I am not very mechanically minded, but how can the motor be blown and the wipers still work on some settings? I could understand that some nylons gears could be stripped or something, but the whole thing knackered?

She also said that if it had failed in use that it would have been covered by the warranty, but because I mentioned the ice that it wouldn't. That hardly seems fair. It's not as if it was my fault. It's not as if they tell you to turn off your wipers everytime you leave the vehicle just in case it snows. I'm thinking of taking it to the dealers in the next town and just telling them it happened as I was driving along!! 

Also on the quote she handed me for the part it says it is called a N/STOCK CONROD ASSY £201.85 +vat. Does that even sound like the right part or price? 

I'm going to have a look at it in the morning before booking it in, but does anyone have any thoughts?

Thankyou


----------



## Deleted member 3270 (Jan 31, 2012)

brettandsandra said:


> Hi everyone. I'm hoping someone may be able to help me.
> 
> I started the van this morning to warm it up and didn't realise that the wipers had been left on from last time and were frozen solid to the windscreen. I turned them off, but when I tried to use them later they would only work on fast. The intermittent and normal speed did not work at all. The setting where you can do one pass manually also works.
> 
> ...



sounds to me that is blown a resistor in the wiper motor unit itself and can only be rectified by changing the full unit maybe you can get a second hand unit ?


----------



## Techno100 (Jan 31, 2012)

Take it to another dealer and DONT mention the ice


----------



## brettandsandra (Feb 1, 2012)

basildog said:


> Yes I would just act dumb



Now that is something I can do!


Thanks for the feedback everyone.

I've got it booked in with another Peugeot dealer tomorrow and the guy seems to think it should be covered by the warranty.

Didn't mention the ice!!!


If I don't get any joy there, it will be down the local garage and a second hand part from the scrap yard. Starting to cut things a bit fine.
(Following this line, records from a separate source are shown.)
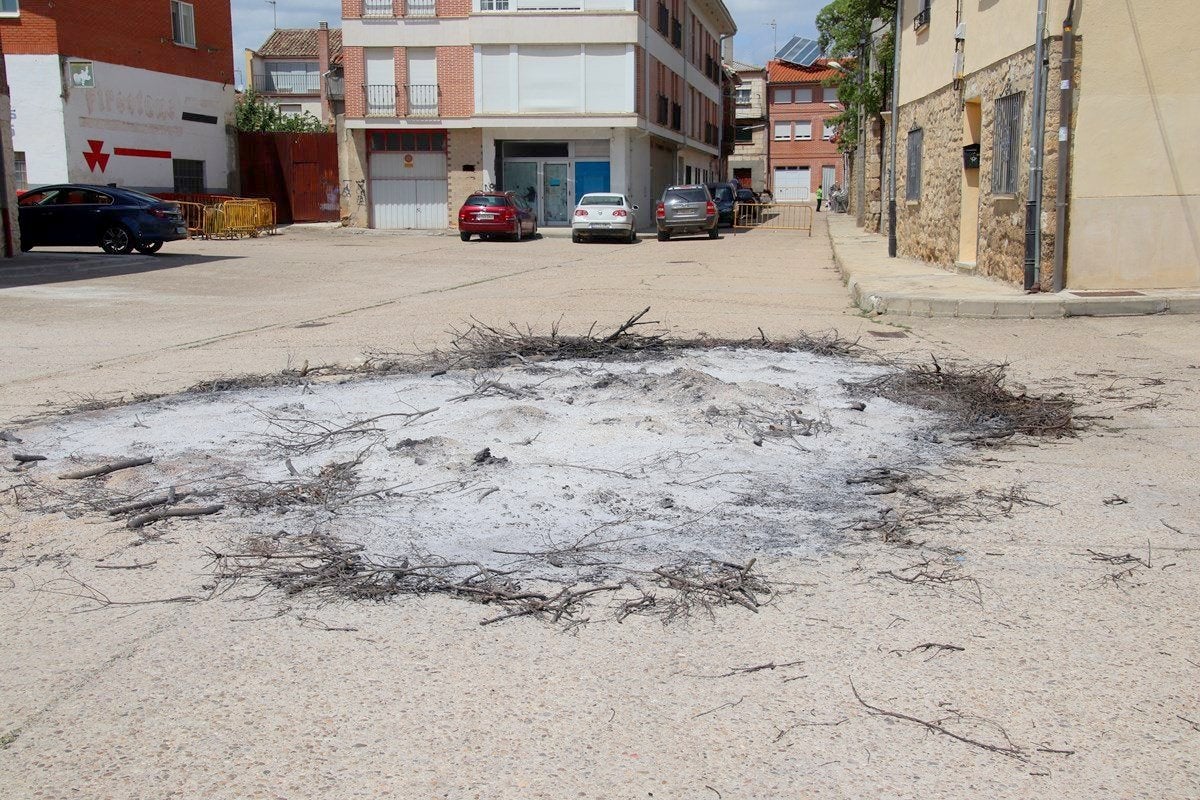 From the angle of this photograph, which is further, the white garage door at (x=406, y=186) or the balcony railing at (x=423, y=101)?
the white garage door at (x=406, y=186)

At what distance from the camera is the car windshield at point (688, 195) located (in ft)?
114

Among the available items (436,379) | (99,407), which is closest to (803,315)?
(436,379)

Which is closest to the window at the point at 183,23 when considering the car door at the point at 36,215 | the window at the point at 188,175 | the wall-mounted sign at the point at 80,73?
the window at the point at 188,175

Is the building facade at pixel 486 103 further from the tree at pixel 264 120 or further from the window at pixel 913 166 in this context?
the window at pixel 913 166

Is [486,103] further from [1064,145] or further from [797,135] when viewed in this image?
[797,135]

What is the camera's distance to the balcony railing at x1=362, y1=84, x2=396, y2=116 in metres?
40.7

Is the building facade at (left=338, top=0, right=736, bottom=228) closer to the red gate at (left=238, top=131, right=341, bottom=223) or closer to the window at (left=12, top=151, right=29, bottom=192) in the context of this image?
the red gate at (left=238, top=131, right=341, bottom=223)

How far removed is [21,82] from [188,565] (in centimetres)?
3246

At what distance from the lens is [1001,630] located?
12.7ft

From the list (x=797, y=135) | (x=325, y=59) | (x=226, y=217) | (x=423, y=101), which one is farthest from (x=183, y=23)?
(x=797, y=135)

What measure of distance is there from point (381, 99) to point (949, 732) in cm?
4050

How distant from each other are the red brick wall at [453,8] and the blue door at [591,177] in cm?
675

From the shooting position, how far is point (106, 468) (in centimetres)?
572

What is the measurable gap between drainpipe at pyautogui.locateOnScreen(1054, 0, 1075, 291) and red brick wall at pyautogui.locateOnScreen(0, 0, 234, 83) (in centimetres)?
2661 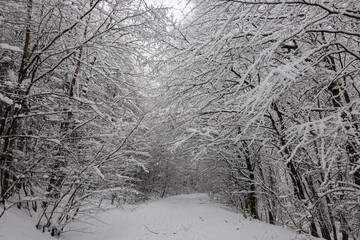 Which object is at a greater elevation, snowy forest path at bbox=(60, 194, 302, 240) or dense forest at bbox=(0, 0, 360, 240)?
dense forest at bbox=(0, 0, 360, 240)

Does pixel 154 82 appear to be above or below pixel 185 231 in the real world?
above

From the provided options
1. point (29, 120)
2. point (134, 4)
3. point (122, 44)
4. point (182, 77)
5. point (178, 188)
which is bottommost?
point (178, 188)

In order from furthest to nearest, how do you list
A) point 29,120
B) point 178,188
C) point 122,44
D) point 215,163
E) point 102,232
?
point 178,188 → point 215,163 → point 102,232 → point 29,120 → point 122,44

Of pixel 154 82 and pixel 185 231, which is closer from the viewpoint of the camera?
pixel 154 82

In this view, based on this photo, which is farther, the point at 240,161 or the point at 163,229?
the point at 240,161

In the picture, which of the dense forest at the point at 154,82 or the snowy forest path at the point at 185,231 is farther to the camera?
the snowy forest path at the point at 185,231

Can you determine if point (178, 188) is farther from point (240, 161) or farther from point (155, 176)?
point (240, 161)

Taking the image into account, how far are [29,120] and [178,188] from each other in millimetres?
32222

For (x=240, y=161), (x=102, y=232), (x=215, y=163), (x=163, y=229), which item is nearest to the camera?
(x=102, y=232)

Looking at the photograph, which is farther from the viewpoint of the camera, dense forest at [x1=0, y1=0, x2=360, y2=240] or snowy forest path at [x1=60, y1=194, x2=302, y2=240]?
snowy forest path at [x1=60, y1=194, x2=302, y2=240]

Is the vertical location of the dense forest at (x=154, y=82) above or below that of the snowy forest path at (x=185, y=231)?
above

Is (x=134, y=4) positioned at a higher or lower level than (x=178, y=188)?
higher

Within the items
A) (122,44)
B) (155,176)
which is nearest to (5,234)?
(122,44)

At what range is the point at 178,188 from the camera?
113ft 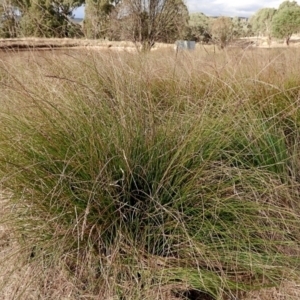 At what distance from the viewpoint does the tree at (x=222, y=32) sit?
3156 mm

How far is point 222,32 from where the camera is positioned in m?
3.35

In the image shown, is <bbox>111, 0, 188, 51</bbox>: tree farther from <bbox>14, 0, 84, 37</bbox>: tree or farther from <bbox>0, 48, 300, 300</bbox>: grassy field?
<bbox>0, 48, 300, 300</bbox>: grassy field

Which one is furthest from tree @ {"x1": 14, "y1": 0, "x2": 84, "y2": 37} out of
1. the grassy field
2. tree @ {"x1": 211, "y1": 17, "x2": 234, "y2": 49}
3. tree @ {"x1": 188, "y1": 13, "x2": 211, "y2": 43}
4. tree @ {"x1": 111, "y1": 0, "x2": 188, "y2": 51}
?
tree @ {"x1": 188, "y1": 13, "x2": 211, "y2": 43}

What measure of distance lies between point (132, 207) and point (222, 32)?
2.87 m

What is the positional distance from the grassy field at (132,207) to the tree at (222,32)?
2.05m

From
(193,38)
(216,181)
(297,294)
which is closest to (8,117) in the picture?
(216,181)

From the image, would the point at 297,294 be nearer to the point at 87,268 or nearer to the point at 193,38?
the point at 87,268

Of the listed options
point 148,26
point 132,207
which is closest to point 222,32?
point 148,26

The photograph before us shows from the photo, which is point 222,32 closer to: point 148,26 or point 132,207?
point 148,26

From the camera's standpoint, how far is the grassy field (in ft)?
3.45

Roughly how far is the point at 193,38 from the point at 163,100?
2886mm

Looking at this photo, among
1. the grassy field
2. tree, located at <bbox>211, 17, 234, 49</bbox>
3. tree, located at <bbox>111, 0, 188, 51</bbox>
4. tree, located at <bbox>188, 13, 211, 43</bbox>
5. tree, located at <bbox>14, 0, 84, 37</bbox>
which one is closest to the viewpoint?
the grassy field

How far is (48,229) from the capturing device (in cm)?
112

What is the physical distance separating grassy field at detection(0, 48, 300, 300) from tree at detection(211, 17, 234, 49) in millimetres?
2051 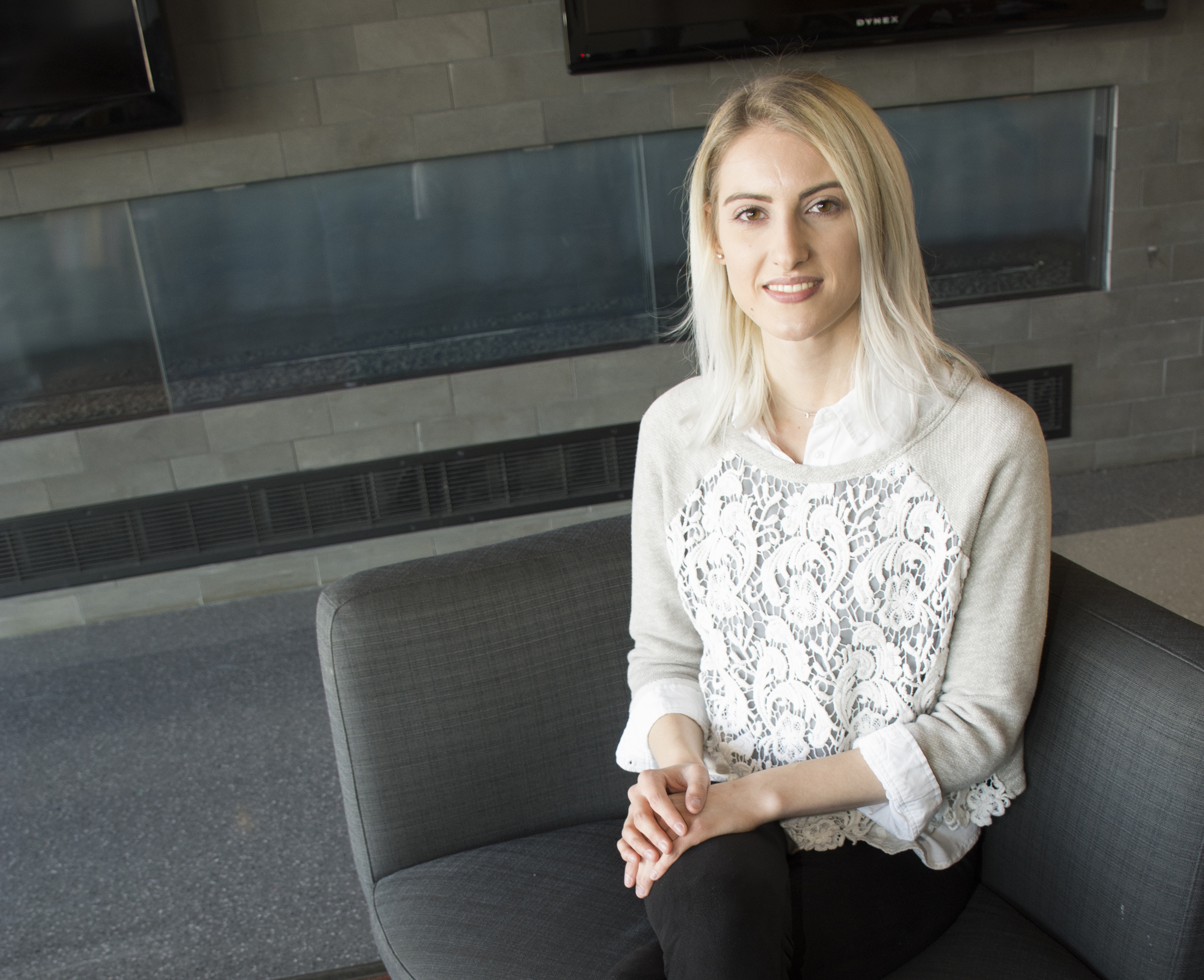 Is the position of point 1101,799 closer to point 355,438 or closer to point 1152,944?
point 1152,944

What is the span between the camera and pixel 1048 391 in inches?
126

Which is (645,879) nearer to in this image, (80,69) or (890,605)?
(890,605)

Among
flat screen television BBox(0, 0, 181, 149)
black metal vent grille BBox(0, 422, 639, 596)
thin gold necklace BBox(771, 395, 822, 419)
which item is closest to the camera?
thin gold necklace BBox(771, 395, 822, 419)

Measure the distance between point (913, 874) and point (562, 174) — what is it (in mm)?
2324

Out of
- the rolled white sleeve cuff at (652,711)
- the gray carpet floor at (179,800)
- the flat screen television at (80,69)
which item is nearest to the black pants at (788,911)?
the rolled white sleeve cuff at (652,711)

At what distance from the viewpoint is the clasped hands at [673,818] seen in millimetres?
958

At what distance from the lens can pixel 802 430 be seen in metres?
1.14

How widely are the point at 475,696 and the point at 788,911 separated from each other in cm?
47

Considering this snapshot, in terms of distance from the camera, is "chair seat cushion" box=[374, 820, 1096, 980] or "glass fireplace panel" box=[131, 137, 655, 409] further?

Got a ferry crossing to Santander booked for the 14th.


----------



## arc (Feb 1, 2012)

*relay switch*

hi brett had the same thing hapened to me on a ldv convoy peugeot engine it turned out to be the wiper relay switch £15.00ish the relay switches are inside above the passenger wheel arch under dash good luck


----------



## veedubmatt (Feb 1, 2012)

it should not be the motor as it works on one speed first thing i would do is check the wiper relay im sure the relay tells the motor what to do ie fast/slow


----------